+++ Record excerpts
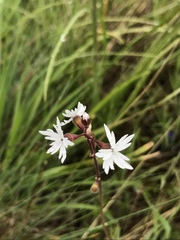 Lithophragma parviflorum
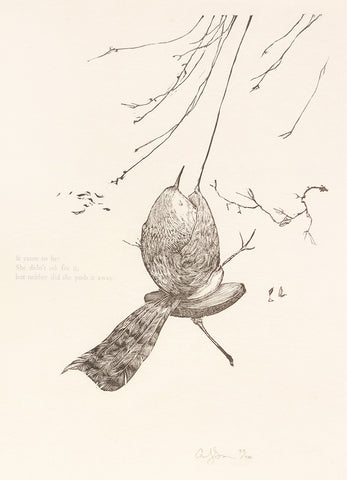 bird sitting on swing. Illustration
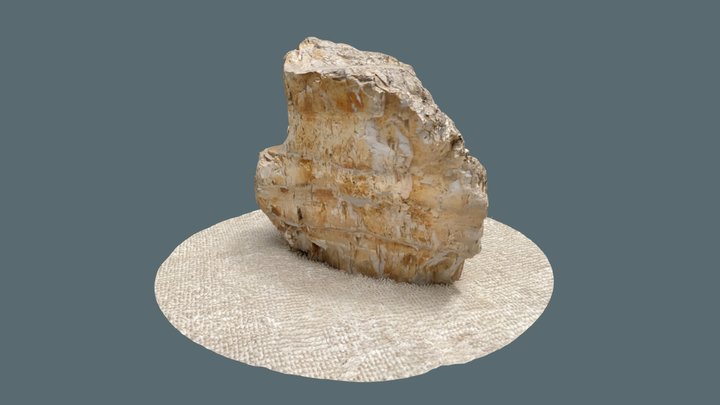 Monterey Shale 3D Model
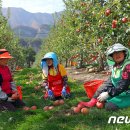 주한농장 이미지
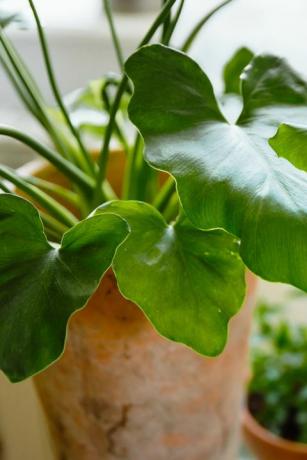 oblíbené pokojové rostliny zelené listy filodendronu shangri la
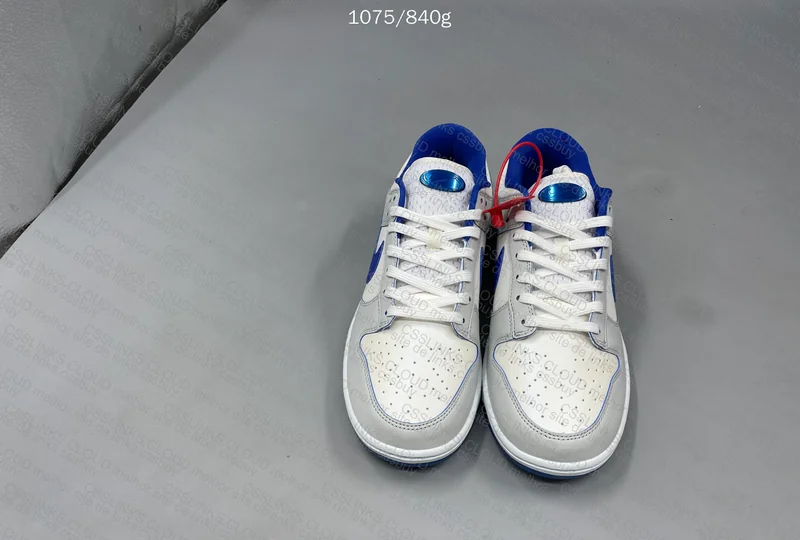Nike Dunk Low Worldwide 6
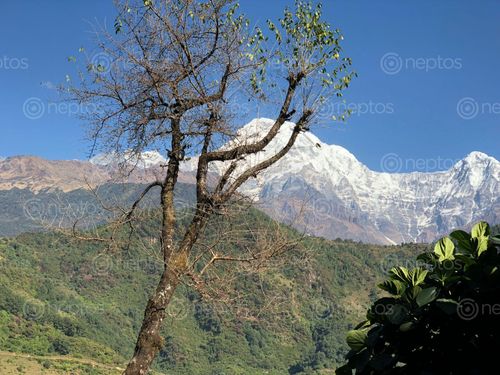 Find  the Image ghandruk,view,shot,iphonex  and other Royalty Free Stock Images of Nepal in the Neptos collection.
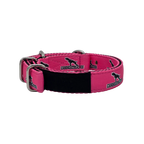 Small Dog Collar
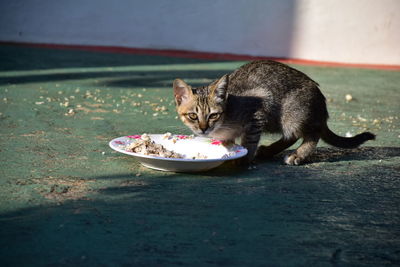 Cat eating food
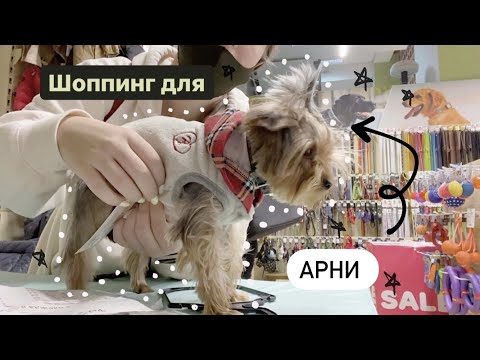 Видео: шоппинг в честь дня рождения Арни || собачий влог?:)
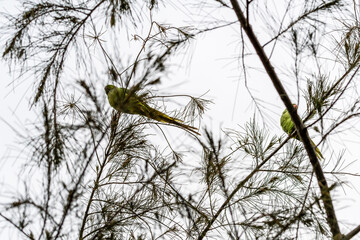 Psittacula krameri pertenece a la familia de Psittaculidae.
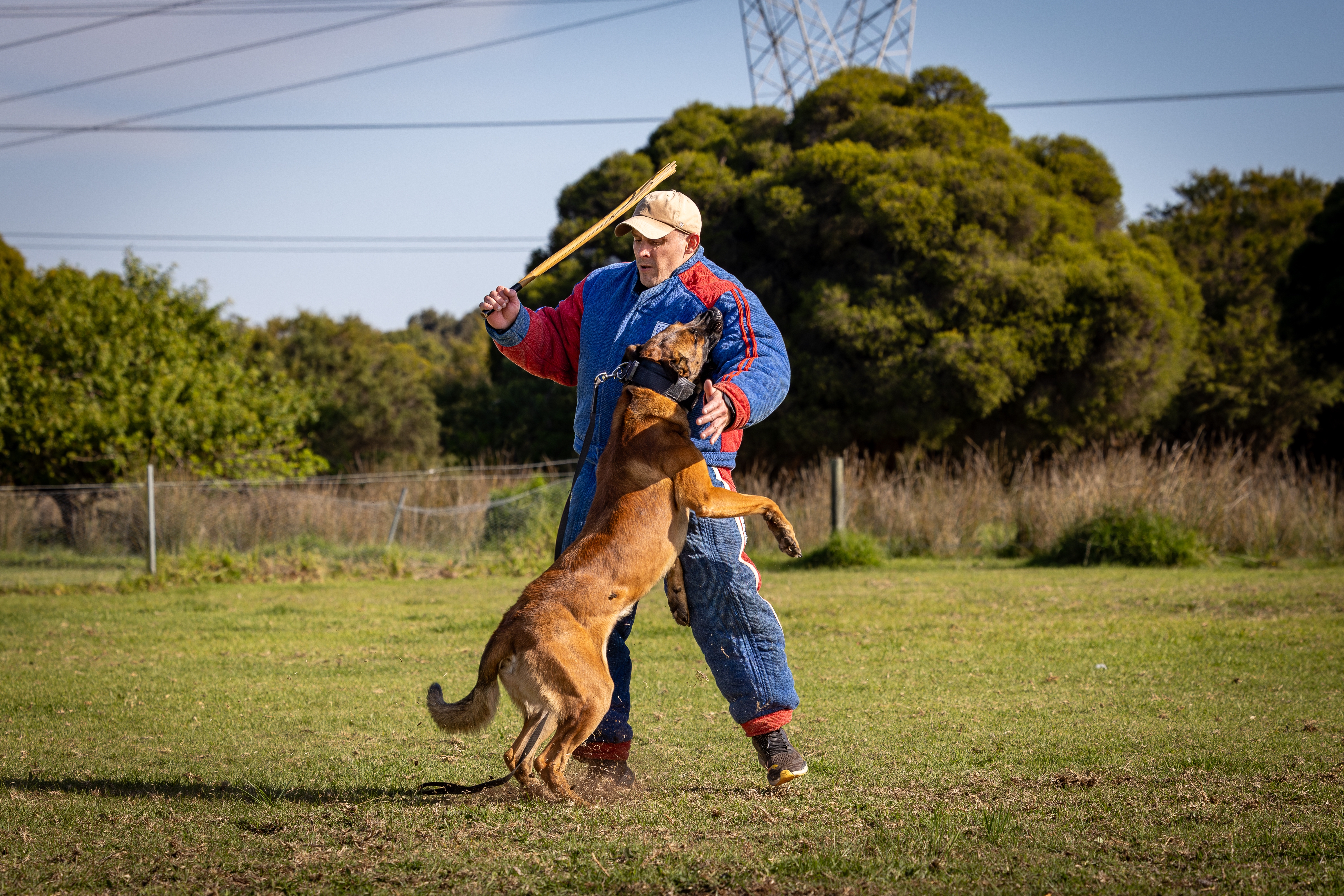 Protection & Sport Training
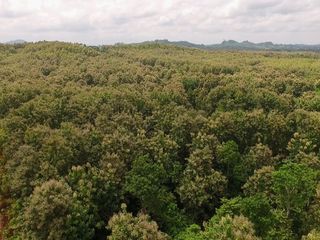 Foto 7 de Venta de Terreno de 430 Has Balzar Bosque de Teca SanS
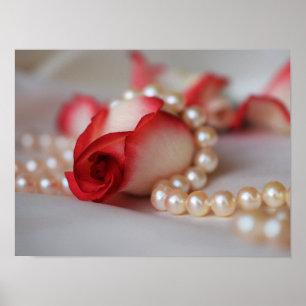 Poster Bud e Pérolas rosas vermelhas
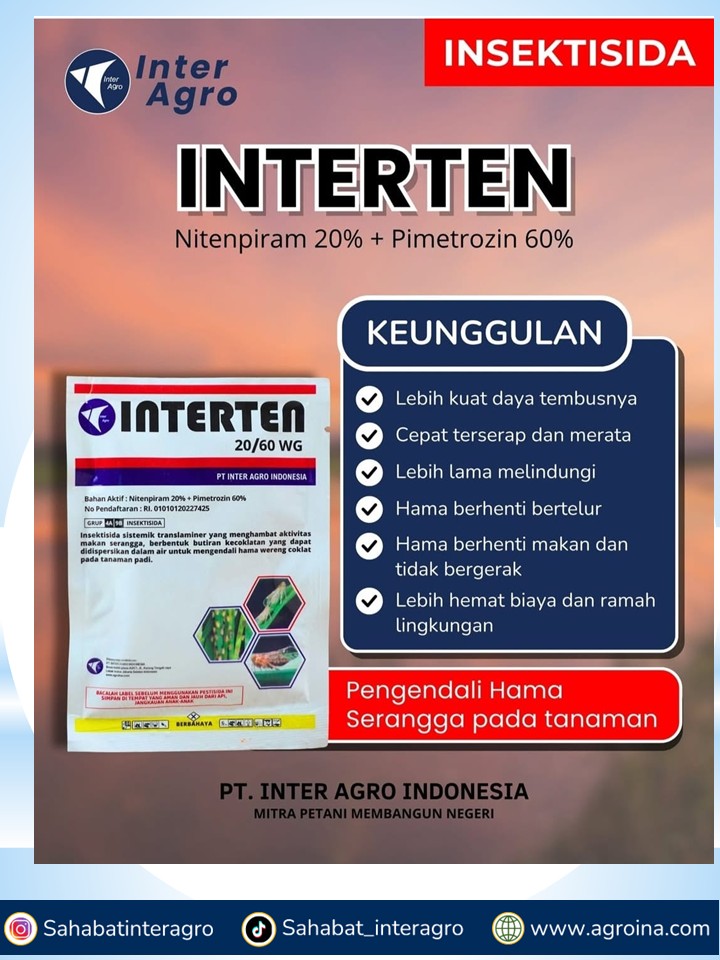 7. Interten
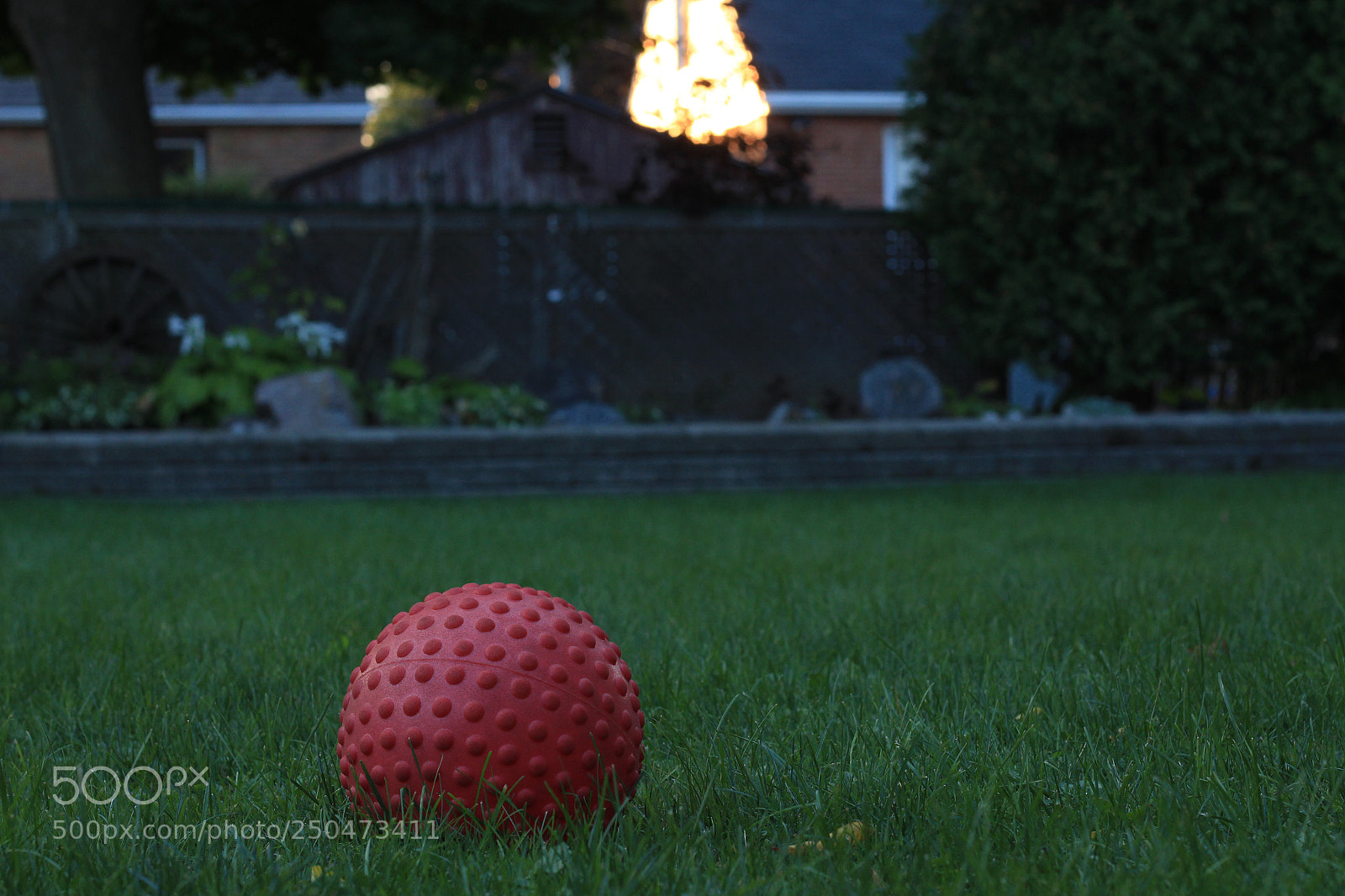 Canon EOS 700D (EOS Rebel T5i / EOS Kiss X7i) sample photo. 246 of 364 photography
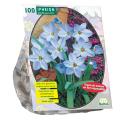 Baltus Ipheion bloembollen per 100 stuks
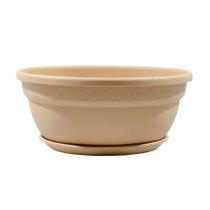 Cuia Vic com Prato Desli Areia - 28cm Cuia Vic com Prato Desli Areia - 28cm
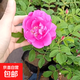 食用玫瑰花苗盆栽大馬士革香水平陰玫瑰苗豐花一號嫁接苗春季開花 實(shí)生平陰玫瑰2年苗(單瓣) 不含盆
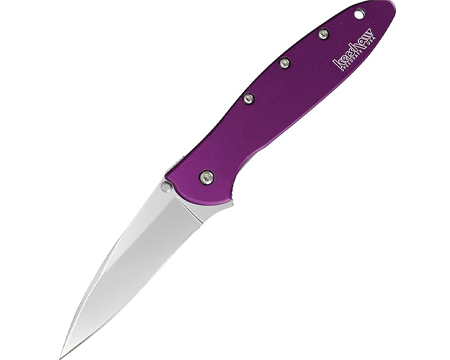 Kershaw® Leek Folding Knife 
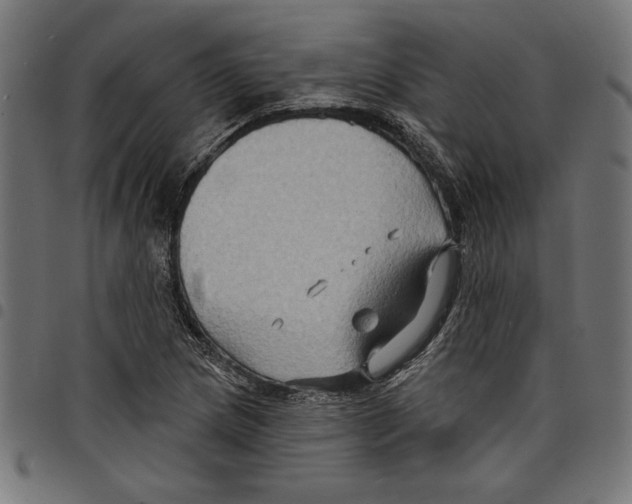 X0000097651217200803280921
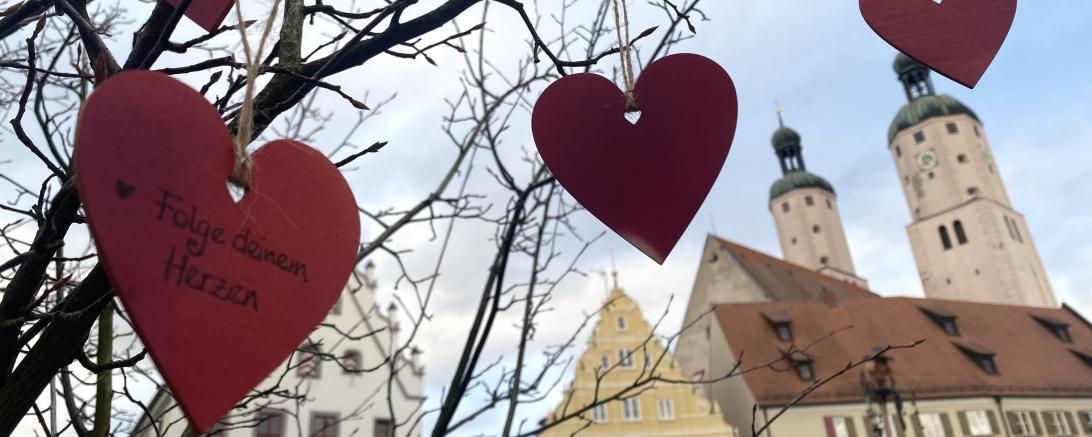 Das Bild zeigt den Herzle Baum.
++++++
# Work required
Copy every record above exactly, leaving out the pictures.

# Solution for this problem
 Lithophragma parviflorum
 bird sitting on swing. Illustration
 Monterey Shale 3D Model
 주한농장 이미지
 oblíbené pokojové rostliny zelené listy filodendronu shangri la
Nike Dunk Low Worldwide 6
 Find  the Image ghandruk,view,shot,iphonex  and other Royalty Free Stock Images of Nepal in the Neptos collection.
 Small Dog Collar
 Cat eating food
 Видео: шоппинг в честь дня рождения Арни || собачий влог?:)
 Psittacula krameri pertenece a la familia de Psittaculidae.
 Protection & Sport Training
 Foto 7 de Venta de Terreno de 430 Has Balzar Bosque de Teca SanS
 Poster Bud e Pérolas rosas vermelhas
 7. Interten
 Canon EOS 700D (EOS Rebel T5i / EOS Kiss X7i) sample photo. 246 of 364 photography
 Baltus Ipheion bloembollen per 100 stuks
 Cuia Vic com Prato Desli Areia - 28cm Cuia Vic com Prato Desli Areia - 28cm
 食用玫瑰花苗盆栽大馬士革香水平陰玫瑰苗豐花一號嫁接苗春季開花 實(shí)生平陰玫瑰2年苗(單瓣) 不含盆
 Kershaw® Leek Folding Knife 
 X0000097651217200803280921
 Das Bild zeigt den Herzle Baum.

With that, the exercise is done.